“炼狱”酒吧的霓虹在雨里晕成一片模糊的红,像泼在地上的血。林砚之站在街角的阴影里,摸了摸脸上新换的黑色皮质面具——遮住了整个鼻梁,只露出抿紧的唇和线条冷硬的下颌。
陆沉留下的那把枪藏在皮衣内袋,冰冷的金属贴着皮肤,提醒她此刻每一步都在刀尖上行走。毒刺的人肯定在酒吧周围布了网,她们在等她自投罗网,就像三年前那场火,把所有退路都烧得干干净净。
“新来的?”守门的壮汉拦住她,眼神在她的面具上打转。
林砚之递过一张黑色卡片——这是陆沉给她的VIP通行证,据说整个酒吧只有三张。壮汉的脸色变了变,侧身让开了路。
爵士乐像浓稠的糖浆,裹着烟酒的气息扑面而来。舞池里的人戴着各式各样的面具,晃动的身影像一群没有灵魂的木偶。林砚之的目光穿过人群,落在二楼的VIP包厢门口——那里站着两个穿黑西装的保镖,像两尊沉默的石像。
她端着杯威士忌,装作漫不经心地靠在吧台边。调酒师是个留着紫色头发的男人,正用冰锥敲着冰块,眼神却时不时往她这边瞟。
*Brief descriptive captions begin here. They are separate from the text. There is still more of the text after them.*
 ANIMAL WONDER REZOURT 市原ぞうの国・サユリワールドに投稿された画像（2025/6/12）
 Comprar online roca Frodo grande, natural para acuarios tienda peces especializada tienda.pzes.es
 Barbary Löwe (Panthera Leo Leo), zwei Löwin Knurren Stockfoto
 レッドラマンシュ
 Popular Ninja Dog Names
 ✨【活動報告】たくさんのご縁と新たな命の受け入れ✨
林砚之的手悄悄摸向枪,指尖刚碰到扳机,就听见身后传来个熟悉的声音。
“好久不见,荆棘。”
毒刺倚在门框上,吊带裙的领口开得很低,露出锁骨上那朵狰狞的玫瑰纹身。她手里把玩着把银色手枪,枪口对着地面,却带着说不出的危险。
“陆沉死了。”毒刺的声音像淬了毒的针,“火是我亲手点的,他到死都在喊你的名字。”
林砚之握着酒杯的手指紧了紧,杯壁上的冰化成水,顺着指缝往下滴。她不能信,陆沉那么能打,怎么可能轻易死掉?就像父亲,她总觉得他还在书房里等着她,手里拿着那半枚铜鹰摆件。
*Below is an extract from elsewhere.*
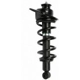 Purchase Top-Quality Rear Complete Strut Assembly by PRT - 711355 pa1
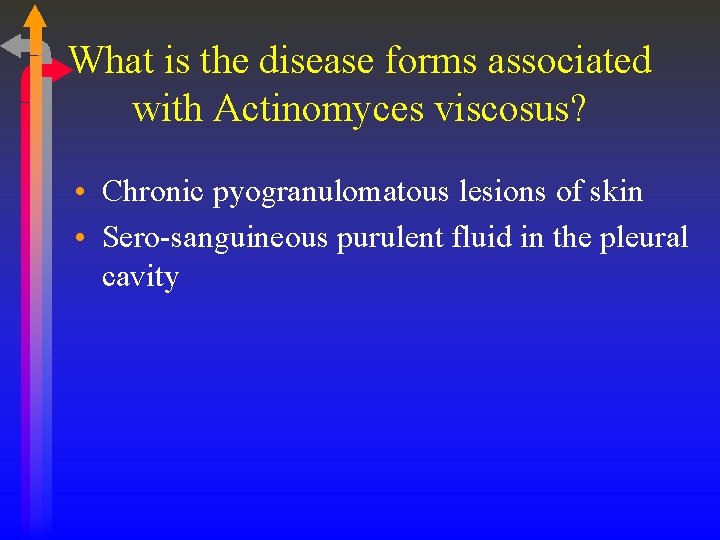 What is the disease forms associated with Actinomyces viscosus? • Chronic pyogranulomatous lesions of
“老鬼在里面等你。”毒刺侧身让开,“他说,只要你把东西交出来,就告诉你妹妹的下落。”
VIP包厢的门虚掩着,里面传来老鬼的咳嗽声。林砚之深吸一口气,推开了门。
墙上的《暗夜玫瑰》在射灯下泛着诡异的光,画布上的玫瑰红得像在滴血。老鬼坐在沙发上,手里拿着个紫檀木盒子,见她进来,咧开嘴笑了,露出颗金牙。
“东西带来了?”他拍了拍盒子,“这里面是你妹妹的病历,只要你把铜鹰交出来,她就能得到最好的治疗。”
林砚之的目光落在油画上。画框的边缘有处细微的磨损,和陆沉描述的一模一样。她的手慢慢移到内袋,摸到了那半枚铜鹰摆件。
“先看病历。”她的声音隔着面具,冷得像冰。
老鬼打开盒子,抽出几张纸扔过来。林砚之弯腰去捡的瞬间,沙发后的保镖突然扑了上来。她早有准备,侧身躲开,同时拔出枪,子弹擦着保镖的耳朵飞过,打在油画的角落,溅起一片颜料。
老鬼吓得滚到桌子底下,毒刺带着人冲了进来,枪口齐刷刷地对准她。林砚之退到墙边,背抵住冰冷的画框,突然感觉到手指碰到了个凸起的东西——是画框后面的开关!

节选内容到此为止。